All the Trappings of a Really Good Find (from Alabama to Connecticut)
This is a social sport and you can win by talking to everyone you meet. I found this story because I chatted it up with someone at a sale and was given a tip to "Look out for this sale coming up..." They were right, within a few weeks I was in Bethel Connecticut on an old farm road arriving at the home of a collector.
Although it was the last day, and the last hour of the sale, there was still a good quantity of things to look at. In the basement I managed to find what I was looking for. In the workshop, among all kinds of shelves and cabinets was an old desk. If untouched, these are often repositories, or micro time capsules. In this desk there was one drawer that wouldn't open and by removing the drawer above I was able to reach down and remove the contents. What I got was an assortment of papers and catalogs, and envelopes, including the one above. There was a sad but interesting letter inside:
"...My wife died and thank you for the order?!!" Let's skip over the personal message and get to the contents. We have some raccoons to catch!
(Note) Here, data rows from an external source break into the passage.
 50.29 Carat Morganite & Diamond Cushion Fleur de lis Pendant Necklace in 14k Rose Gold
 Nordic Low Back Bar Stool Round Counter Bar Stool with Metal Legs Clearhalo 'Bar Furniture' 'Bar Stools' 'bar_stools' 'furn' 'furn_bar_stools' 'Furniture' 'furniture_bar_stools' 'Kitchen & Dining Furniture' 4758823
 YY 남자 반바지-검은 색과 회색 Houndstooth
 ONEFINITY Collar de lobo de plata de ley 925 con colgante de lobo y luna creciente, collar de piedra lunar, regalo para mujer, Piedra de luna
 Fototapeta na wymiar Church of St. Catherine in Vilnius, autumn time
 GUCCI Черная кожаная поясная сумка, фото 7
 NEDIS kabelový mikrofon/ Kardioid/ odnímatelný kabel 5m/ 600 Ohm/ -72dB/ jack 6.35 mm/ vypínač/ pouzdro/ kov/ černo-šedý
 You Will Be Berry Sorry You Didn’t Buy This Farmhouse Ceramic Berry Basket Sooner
It may be surprising but the fur trade was still active in the 1950's and if you had the time (and the horseshoe nails) you could made some money on those pelts. This is no less cruel and painful as the metal traps. Maybe trick number 2 is a little more humane...
Well, that was a little better, we presume the fox died of embarrassment and just handed his coat over to the hunter. Maybe this last method will have the hunter giving up his coat?
I've heard about someone being "drunk as a skunk" but not drunk as a raccoon. I hope the animals of the forest have learned to bring a designated driver from now on. It seems that Mr Conner had a rather regular home publishing business running right out of his home.
Someday I hope to find a copy of "Hill Billy Farmer." This was a sale from several years ago but it is one of my favorite pieces of correspondence - God rest Mrs. Connors soul... and the raccoons and foxes.